Nothing but an exact copy of the listing should appear in the response.

____________________

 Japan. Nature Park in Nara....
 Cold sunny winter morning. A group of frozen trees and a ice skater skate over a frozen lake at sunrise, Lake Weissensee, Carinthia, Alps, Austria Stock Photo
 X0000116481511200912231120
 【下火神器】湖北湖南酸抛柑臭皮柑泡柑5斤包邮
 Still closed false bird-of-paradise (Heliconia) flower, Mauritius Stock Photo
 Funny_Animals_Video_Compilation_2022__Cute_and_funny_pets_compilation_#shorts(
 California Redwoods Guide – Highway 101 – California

____________________

--- ANSWER TO THIS EXERCISE ---
 Japan. Nature Park in Nara....
 Cold sunny winter morning. A group of frozen trees and a ice skater skate over a frozen lake at sunrise, Lake Weissensee, Carinthia, Alps, Austria Stock Photo
 X0000116481511200912231120
 【下火神器】湖北湖南酸抛柑臭皮柑泡柑5斤包邮
 Still closed false bird-of-paradise (Heliconia) flower, Mauritius Stock Photo
 Funny_Animals_Video_Compilation_2022__Cute_and_funny_pets_compilation_#shorts(
 California Redwoods Guide – Highway 101 – California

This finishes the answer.